PwC appointed to probe Goldman Sachs reporting
The Prudential Regulation Authority (PRA) is understood to have appointed PwC to undertake a "skilled person's report" on Goldman Sachs International. PwC has audited Goldman Sachs International since 1926, and continues to do so outside of Europe.
The Goldman Sachs Group is an American multinational investment bank and financial services company headquartered in New York City. It offers services in investment management, securities, asset management, prime brokerage, and securities underwriting.
Goldman Sachs has been dogged by negative scrutiny for much of its history, but this notably intensified the aftermath of the financial crisis of 2007–2008, where some alleged that it misled its investors and profited from the collapse of the mortgage market. Now, as regulators continue to step up efforts to avoid a future financial collapse of that kind, Britain's banking watchdog has drafted in accountants to scrutinise the quality of Goldman Sachs' regulatory reporting at its large scale London-based operations.

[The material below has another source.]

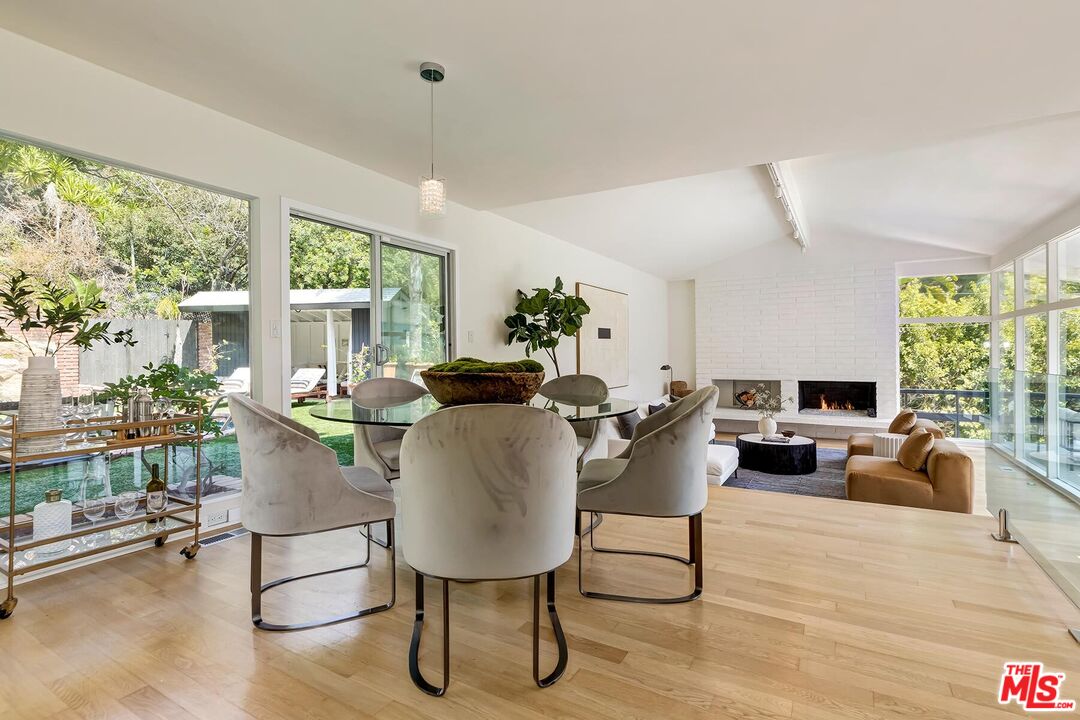 2275 Betty Ln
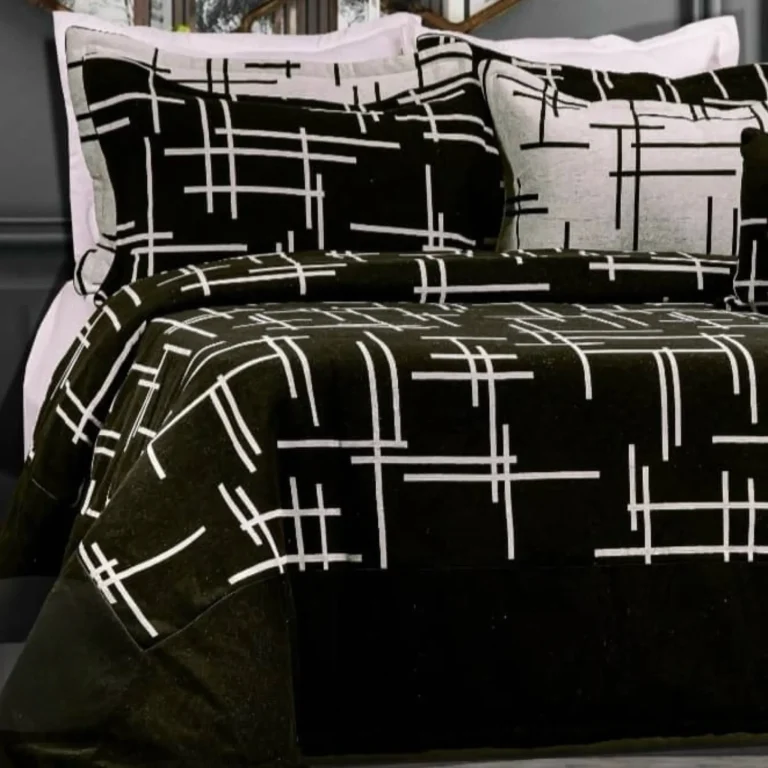 چیدمان تخت با سرویس لحاف روتختی آریا برند ازدیلیم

As reported by Sky News, the Prudential Regulation Authority (PRA) is said to have appointed Big Four professional services giant PwC to undertake a "skilled person's report" on Goldman Sachs International. The move comes in response to concerns around the alleged oversight of some of the City's biggest bank balance sheets, and the quality of information being supplied to the PRA.

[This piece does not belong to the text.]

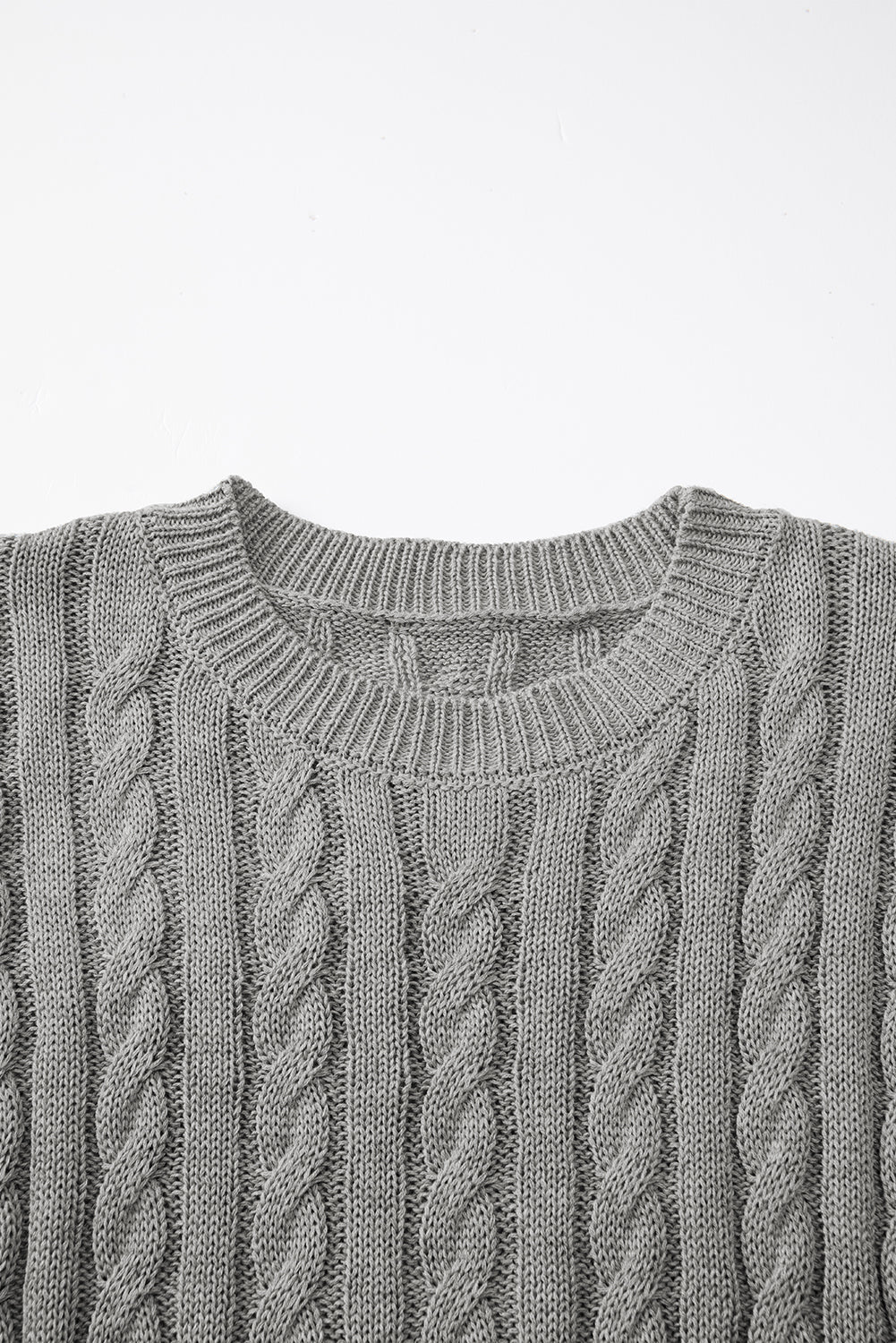 Grauer, kurzärmliger Pullover mit Rundhalsausschnitt und Zopfmuster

Interestingly PwC’s appointment to this role comes less than a year after it was announced the firm would be passing its audit remit at Goldman Sachs’ UK operations to Mazars. The choice of Goldman Sachs to select Mazars was speculated to have resulted from the investor’s need to dodge the negative press currently associated with alleged conflicts of interest in the Big Four’s audit portfolio – but PwC remains in the role for Goldman Sachs International, outside of Europe.

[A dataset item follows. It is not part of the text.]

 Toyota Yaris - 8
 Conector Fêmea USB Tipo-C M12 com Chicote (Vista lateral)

In January, Sky News revealed that Goldman's London-based investment bank is not the only institution to be the subject of a PRA investigation. Morgan Stanley and Bank of America Merrill Lynch are among the other Wall Street lenders being assessed in this manner. Meanwhile, the PRA’s decision to commission so-called S166 reviews emerged weeks after fellow lender Citi was handed a record £44 million fine by the watchdog for inadequate internal controls and governance arrangements relating to regulatory reporting obligations – as Citi had consistently overstated its capital and liquidity coverage ratios over almost five years.